Materials and methods

This study was conducted in strict accordance with the guidelines of the Administration of Affairs Concerning Experimental Animals (Ministry of Science and Technology, China, revised 2004), and all the procedures were approved by the Institutional Animal Care and Use Committee of the Northwest A&F University (protocol number DK2021028).

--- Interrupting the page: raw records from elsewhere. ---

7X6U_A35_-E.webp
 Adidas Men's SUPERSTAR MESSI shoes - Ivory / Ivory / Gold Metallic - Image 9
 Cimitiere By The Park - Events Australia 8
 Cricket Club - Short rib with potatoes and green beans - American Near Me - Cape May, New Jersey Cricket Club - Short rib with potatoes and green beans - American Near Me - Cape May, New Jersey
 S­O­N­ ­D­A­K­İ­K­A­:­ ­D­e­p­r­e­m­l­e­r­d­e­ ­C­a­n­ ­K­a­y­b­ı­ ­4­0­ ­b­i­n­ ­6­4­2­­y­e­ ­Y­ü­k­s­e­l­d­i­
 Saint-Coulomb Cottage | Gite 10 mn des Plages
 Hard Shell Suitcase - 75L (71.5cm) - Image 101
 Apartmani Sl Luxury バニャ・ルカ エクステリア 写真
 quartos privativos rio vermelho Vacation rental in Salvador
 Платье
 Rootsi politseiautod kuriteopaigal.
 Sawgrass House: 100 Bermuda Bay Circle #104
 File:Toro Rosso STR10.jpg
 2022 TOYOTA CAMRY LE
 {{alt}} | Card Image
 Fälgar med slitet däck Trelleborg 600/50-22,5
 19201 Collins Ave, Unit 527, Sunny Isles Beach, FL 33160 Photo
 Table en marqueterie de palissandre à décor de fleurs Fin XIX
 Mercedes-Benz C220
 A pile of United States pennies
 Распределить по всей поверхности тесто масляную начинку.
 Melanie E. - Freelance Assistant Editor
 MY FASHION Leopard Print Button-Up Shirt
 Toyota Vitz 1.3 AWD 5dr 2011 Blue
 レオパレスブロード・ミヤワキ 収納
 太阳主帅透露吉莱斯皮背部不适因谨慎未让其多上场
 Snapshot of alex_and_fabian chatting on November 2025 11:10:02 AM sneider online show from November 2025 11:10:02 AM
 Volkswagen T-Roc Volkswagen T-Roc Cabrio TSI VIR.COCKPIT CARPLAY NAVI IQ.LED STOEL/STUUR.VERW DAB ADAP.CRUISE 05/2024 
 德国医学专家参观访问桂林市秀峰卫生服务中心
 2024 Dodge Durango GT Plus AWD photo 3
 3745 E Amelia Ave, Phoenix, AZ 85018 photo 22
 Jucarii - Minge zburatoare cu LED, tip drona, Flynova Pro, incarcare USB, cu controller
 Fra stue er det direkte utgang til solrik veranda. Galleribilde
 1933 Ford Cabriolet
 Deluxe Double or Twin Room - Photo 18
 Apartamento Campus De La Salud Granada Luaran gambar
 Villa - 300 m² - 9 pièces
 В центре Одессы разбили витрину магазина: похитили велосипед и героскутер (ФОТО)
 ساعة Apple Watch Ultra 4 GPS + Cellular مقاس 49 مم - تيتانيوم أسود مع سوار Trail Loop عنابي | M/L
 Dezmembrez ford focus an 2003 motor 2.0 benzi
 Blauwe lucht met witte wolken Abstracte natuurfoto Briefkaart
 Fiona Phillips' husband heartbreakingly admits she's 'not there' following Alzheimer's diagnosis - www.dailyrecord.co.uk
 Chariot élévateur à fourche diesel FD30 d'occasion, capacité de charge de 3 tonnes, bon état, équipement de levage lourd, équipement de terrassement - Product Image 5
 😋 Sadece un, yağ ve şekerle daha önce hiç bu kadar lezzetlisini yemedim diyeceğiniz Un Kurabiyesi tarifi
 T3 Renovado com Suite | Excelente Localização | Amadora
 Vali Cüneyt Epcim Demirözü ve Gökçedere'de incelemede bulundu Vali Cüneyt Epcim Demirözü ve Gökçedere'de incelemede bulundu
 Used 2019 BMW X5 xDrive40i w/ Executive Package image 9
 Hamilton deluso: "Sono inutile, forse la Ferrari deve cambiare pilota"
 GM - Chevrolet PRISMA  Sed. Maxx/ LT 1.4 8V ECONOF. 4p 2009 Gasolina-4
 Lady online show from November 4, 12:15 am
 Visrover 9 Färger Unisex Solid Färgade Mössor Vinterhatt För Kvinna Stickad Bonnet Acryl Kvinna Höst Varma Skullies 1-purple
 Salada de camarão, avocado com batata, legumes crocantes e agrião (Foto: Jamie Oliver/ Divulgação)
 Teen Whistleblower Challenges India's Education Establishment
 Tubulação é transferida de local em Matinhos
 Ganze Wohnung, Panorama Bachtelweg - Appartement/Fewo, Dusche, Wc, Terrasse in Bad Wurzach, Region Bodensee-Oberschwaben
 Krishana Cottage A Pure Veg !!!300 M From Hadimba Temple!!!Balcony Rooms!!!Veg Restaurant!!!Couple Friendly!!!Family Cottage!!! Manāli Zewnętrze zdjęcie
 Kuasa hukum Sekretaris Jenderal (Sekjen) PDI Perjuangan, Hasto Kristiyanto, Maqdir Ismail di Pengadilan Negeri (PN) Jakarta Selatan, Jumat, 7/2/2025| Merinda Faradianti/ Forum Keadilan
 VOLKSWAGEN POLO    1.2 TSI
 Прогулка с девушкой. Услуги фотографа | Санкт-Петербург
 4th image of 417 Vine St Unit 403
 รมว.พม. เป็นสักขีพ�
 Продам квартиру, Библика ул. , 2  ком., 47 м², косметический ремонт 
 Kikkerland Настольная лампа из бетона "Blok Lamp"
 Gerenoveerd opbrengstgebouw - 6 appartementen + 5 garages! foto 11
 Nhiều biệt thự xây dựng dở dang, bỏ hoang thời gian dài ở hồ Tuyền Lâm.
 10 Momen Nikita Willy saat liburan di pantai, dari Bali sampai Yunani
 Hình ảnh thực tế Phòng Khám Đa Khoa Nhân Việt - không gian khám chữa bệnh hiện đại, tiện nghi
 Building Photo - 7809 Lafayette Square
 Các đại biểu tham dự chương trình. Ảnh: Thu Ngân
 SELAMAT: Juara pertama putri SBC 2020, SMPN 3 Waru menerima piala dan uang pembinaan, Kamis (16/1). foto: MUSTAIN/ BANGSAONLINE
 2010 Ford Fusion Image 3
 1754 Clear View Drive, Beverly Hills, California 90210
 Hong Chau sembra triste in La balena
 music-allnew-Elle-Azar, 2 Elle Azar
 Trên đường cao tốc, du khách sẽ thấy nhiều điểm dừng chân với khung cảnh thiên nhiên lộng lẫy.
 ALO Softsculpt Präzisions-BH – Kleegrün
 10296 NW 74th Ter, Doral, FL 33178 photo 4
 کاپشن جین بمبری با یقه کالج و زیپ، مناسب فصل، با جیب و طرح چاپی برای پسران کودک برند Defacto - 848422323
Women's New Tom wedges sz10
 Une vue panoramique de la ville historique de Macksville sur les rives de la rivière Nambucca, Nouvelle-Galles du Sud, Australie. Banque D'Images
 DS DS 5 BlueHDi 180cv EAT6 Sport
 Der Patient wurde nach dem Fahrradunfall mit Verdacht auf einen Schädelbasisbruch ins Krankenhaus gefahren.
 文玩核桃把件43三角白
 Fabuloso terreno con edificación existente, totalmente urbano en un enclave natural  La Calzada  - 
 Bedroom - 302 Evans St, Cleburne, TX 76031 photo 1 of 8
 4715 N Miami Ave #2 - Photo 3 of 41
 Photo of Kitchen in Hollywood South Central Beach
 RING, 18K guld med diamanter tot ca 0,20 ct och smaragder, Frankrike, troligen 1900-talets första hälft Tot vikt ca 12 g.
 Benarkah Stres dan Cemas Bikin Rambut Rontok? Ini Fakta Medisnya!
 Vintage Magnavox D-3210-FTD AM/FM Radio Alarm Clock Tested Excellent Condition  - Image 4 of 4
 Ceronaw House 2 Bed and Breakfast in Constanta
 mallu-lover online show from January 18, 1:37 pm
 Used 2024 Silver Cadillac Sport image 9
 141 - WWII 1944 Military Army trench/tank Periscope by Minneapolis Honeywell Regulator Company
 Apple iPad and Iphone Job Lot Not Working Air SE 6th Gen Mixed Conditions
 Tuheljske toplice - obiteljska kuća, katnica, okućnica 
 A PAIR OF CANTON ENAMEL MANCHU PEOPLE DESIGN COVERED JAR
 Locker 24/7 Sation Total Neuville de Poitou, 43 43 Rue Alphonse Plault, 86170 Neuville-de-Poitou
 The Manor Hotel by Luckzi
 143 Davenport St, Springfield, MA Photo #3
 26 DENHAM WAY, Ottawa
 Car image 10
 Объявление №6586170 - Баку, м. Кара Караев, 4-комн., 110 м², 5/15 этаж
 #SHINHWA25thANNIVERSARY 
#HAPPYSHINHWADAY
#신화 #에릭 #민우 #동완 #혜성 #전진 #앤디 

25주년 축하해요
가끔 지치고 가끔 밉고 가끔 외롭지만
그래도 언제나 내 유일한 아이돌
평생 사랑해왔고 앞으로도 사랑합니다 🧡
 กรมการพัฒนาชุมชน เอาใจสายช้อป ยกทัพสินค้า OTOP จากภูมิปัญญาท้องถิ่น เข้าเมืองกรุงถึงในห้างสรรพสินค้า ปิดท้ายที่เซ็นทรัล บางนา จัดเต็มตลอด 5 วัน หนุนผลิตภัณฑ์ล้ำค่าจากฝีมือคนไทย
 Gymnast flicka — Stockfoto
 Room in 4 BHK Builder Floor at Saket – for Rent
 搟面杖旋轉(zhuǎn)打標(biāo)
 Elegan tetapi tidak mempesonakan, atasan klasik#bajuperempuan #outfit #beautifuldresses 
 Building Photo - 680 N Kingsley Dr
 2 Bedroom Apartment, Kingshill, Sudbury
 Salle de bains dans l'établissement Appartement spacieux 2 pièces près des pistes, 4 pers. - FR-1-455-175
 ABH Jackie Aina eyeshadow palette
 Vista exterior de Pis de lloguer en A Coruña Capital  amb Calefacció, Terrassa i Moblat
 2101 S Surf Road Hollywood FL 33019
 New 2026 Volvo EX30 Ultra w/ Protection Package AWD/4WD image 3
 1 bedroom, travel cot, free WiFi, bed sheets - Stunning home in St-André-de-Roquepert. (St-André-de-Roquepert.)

Animals, diets, and experimental design

Forty-six healthy multiparous Chinese Holstein dairy cows with similar parity (2.5 ± 0.51), body weight (863 ± 73 kg), body condition score (3.4 ± 0.10), due date, and previous milk yields (10,603 ± 2,533 kg) were selected from a large cohort of 5,000 cows from the First Ranch in Wei County (Xingtai City, Hebei Province, China) at the time when they arrived at the transition barn (about 22 d before calving). Cows were assigned into 2 groups using a completely randomized block design: (1) control group (CON, basal diet; n = 23) and (2) supplemented with 20 g/d BA product (BAS; n = 23). The BA product was a mixture consisting of chenodeoxycholic acid (18.6%) and hyodeoxycholic acid and hyocholic acid (combined 78.2%), which was the same as that used in previous studies [ref. 30, ref. 31]. The dosage of BAs was determined following the manufacturer’s recommendation and a previous study in mid-lactation dairy cows [ref. 32]. Before every morning feeding, the 20-g BA product was mixed well with approximate 500 mL purified water and then administered into the esophagus through a homemade tube. The homemade tube was mainly connected by a hose between the funnel and a plastic hard tube with about 50 cm long and 5 cm in diameter. To ensure completely consumption of the BAs supplemented, the tube was rinsed again with another 300 mL purified water. Throughout the experimental period, cows were housed in a free-stall barn and had free access to water. A total mixed ration (TMR) was provided daily at 07:00 and 13:00 h in both prepartum and postpartum (Table S1). After calving, cows were milked four times daily at 02:00, 07:00, 13:00, and 21:00 h. The BA supplementation was started at 21 d before calving and stopped at 21 d after calving, and cows were observed until 60 d after calving.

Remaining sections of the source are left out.